If $s[i, j]$ is an anchored abelian run with abelian period $(a, p)$, then we call the abelian square substring of $s$ that is composed of the first two cores of $s[i, j]$ the basic square of $s[i, j]$. Let us start with the following easy observation.

Observation 1. An abelian square $s[a-p, a+p-1]$ is a basic square of an anchored abelian run in $s$ if and only if $s[a-2p, a-1]$ has length smaller than $2p$ or is not an abelian square. Moreover, if $s[a-p, a+p-1]$ is a basic square of an anchored abelian run, then the run is determined uniquely.

Proof.
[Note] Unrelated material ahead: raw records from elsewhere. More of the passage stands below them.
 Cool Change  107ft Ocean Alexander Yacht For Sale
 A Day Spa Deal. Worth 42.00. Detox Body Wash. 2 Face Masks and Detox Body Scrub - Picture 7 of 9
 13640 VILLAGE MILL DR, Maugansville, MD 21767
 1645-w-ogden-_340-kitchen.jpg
Assume that $s[a-p, a+p-1]$ is an abelian square in $s$. Let $j$ be the maximum index $j \ge a+p-1$ such that $s[a-p, j]$ has a regular abelian period $p$. Similarly, let $i$ be the minimum index $i \le a-p$ such that the reversal of $s[i, a+p-1]$ has a regular abelian period $p$. If $i>a-2p$, then $s[a-2p, a-1]$ is not an abelian square of length $2p$ and indeed $s[a-p, a+p-1]$ is the basic square of the anchored abelian run $s[i, j]$. Otherwise, $s[a-2p, a-1]$ is an abelian square of the specified form and, therefore, $s[a-p, a+p-1]$ is not a basic square of any anchored abelian run.

Thus, to count anchored abelian runs, it suffices to count abelian squares satisfying the conditions of the observation.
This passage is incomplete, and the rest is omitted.